Hiccup: Trying to figure out where the Dragon Hunters are headed.

Snotlout: That's a bad idea. Even if we find them, they have those "one shot and you drop" poison arrows. What do we do then?

Hiccup: Well, I have no idea.

Snotlout: I gotta be honest. That's not the answer I was hoping for. Hookfang! Okay, we always knew this could happen. The day has come. Hiccup's gone dry. It's up to Snotfang to come up with a plan. Just squeeze some brilliance out of this thick beautiful skull.

Hiccup: I've got it!

Snotlout: I would've come up with something. I was so close.

Hiccup: Come on, Snotlout, we've got some hard riding to do.

(Scene changes to the other riders)

Fishlegs: Astrid, are you okay?

Astrid: Just tired. They questioned me all night. Wouldn't let me sleep.

Fishlegs: They?

Astrid: Dagur and Heather mostly. That Ryker guy doesn't say much. He just stares.

Ruffnut: Yeah, but you hung tough. You didn't crack. You never talked. Way to go, Astrid.

Astrid: Actually, I did talk.

Ruffnut: Oh. Way to go, Astrid.

Astrid: I told Ryker what he wanted to know. The location of the Dragon Eye.

Fishlegs: They're after the Dragon Eye?

Astrid: It's very important to the Dragon Hunters. They've been looking for it for a long time.

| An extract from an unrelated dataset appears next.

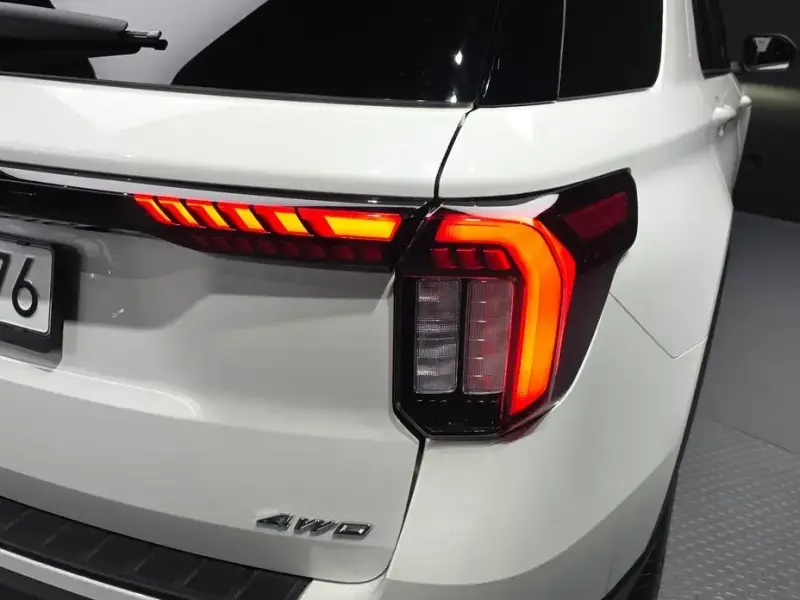 2025 Ford Explorer с пробегом 6 199 км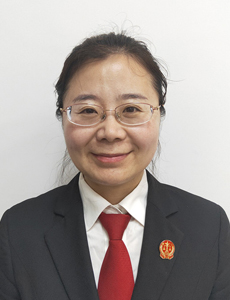 人物圖片：海城市人民法院立案庭副庭長楊春旭_副本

Ruffnut: And where did you tell them it was, looselips?

Astrid: Back at Dragon's Edge where it's being guarded by all the other riders we left behind.

Tuffnut: What? No one's-

Astrid: Supposed to know about it. I know.

Fishlegs: Yeah, Dragon's Edge is like a fortress. Lots of Dragon Riders.

Astrid: Under the command of "Captain Gustav".

Tuffnut: Wait. "Captain Gustav"? He outranks me?

Astrid: Only thing I could think of to keep them from sailing in and taking over Dragon's Edge.

Ruffnut: Ha! And they bought it?

Astrid: For now. But eventually, Ryker will send someone down there to check it out.

Fishlegs: You bought us time.

Astrid: Exactly. We need to get out of here before they find out I was bluffing. Any ideas?

Tuffnut: Way ahead of you. I have the perfect plan. We tunnel out.

Astrid: Through the bottom of the boat?

Fishlegs: Into the middle of the sea?

Tuffnut: Exactly. They will never see it coming. Even I won't! Especially because I don't know how to swim. Okay, mental note, learn to swim. By tomorrow, or mid next week.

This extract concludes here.